Aporte e garantia de imóveis públicos
Encaminhado pelo governador Ibaneis Rocha, o texto permite a capitalização do banco e a contratação de um empréstimo de até R$ 6,6 bilhões com o Fundo Garantidor de Créditos (FGC) ou outras instituições financeiras. Nove imóveis públicos poderão ser oferecidos para venda, transferência ao banco ou estruturação em fundo imobiliário, além de servirem como garantia para as operações de crédito.
Pressão e divisão na Casa
A votação foi precedida de intensa articulação política, incluindo uma reunião de quase 12 horas entre o presidente do BRB, Nelson Antônio de Souza, e deputados distritais na véspera. Souza alertou que, sem a aprovação, o banco poderia “deixar de existir”.

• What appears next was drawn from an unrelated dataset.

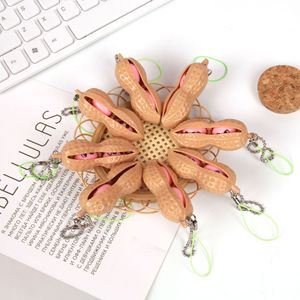 Porte-clés à presser infini en plastique en forme d'arachide, jouet sensoriel fantaisie anti-anxiété et anti-stress - Product Image 6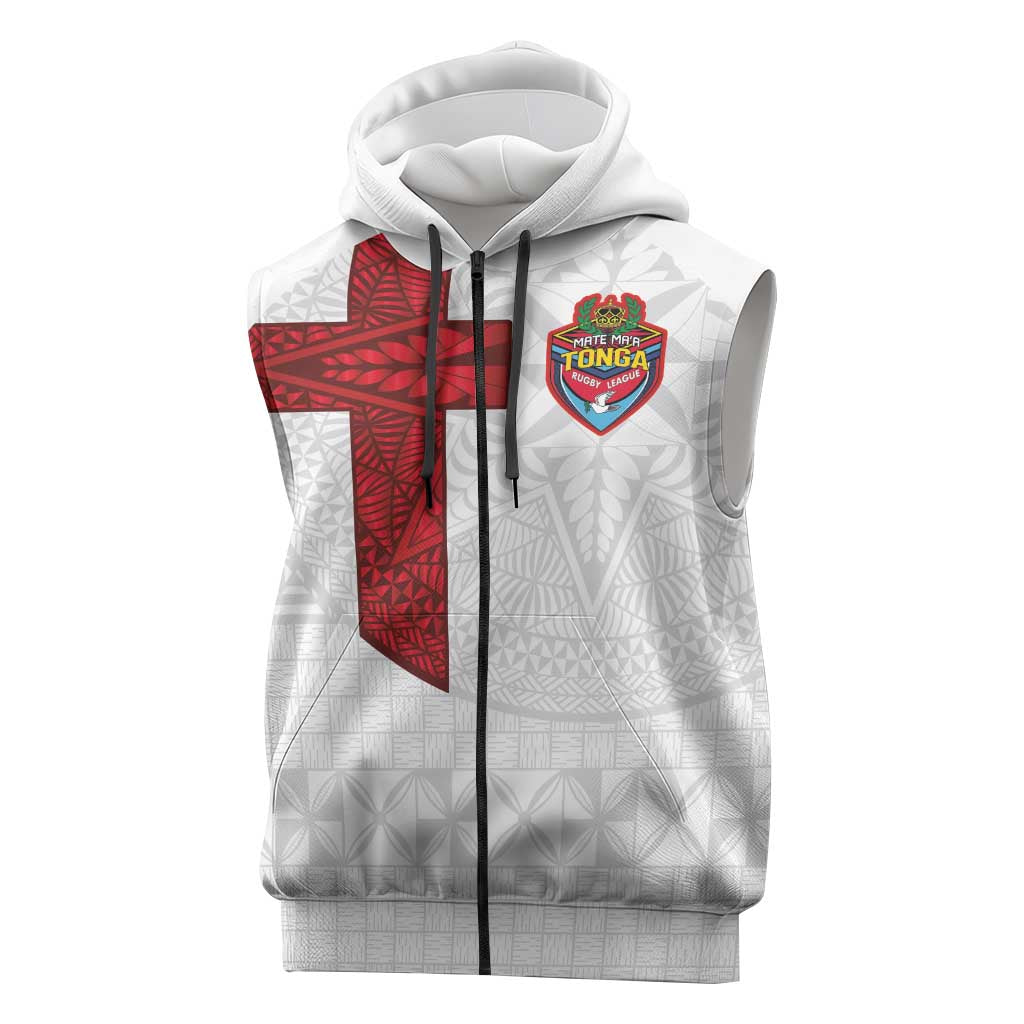 Custom Tonga Ngatu Art Rugby Mate Ma'a Sleeveless Zip Hoodie - Polynesian Pride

A base governista defendeu a proposta como essencial para manter o controle do BRB pelo DF. “Não vamos deixar o BRB ir para o fundo do poço”, disse o líder do governo, Hermeto (MDB).
Por outro lado, a oposição classificou o projeto como um “cheque em branco”. A deputada Paula Belmonte (PSDB) criticou a falta de laudos de avaliação dos imóveis. O deputado Chico Vigilante (PT) afirmou que a proposta permite a alienação de bens públicos sem comprovação de interesse e anunciou que a oposição estuda medidas judiciais.
Estudo técnico e tensão no plenário
Um estudo técnico da própria CLDF recomendou a rejeição do projeto, apontando riscos jurídicos e fiscais, como possível afronta à Lei de Responsabilidade Fiscal. A votação foi marcada por tensão, com funcionários do BRB ocupando as galerias e a entrada da CLDF, protagonizando embates com deputados da oposição.
Mudanças e próximos passos
Alterações foram incluídas no texto durante a tramitação. O BRB solicitou aos acionistas autorização para um aporte de até R$ 8,86 bilhões, com assembleia agendada para 18 de março. A instituição pretende apresentar uma solução até 31 de março, data de divulgação do balanço de 2025. A votação em segundo turno deve ocorrer nos próximos dias.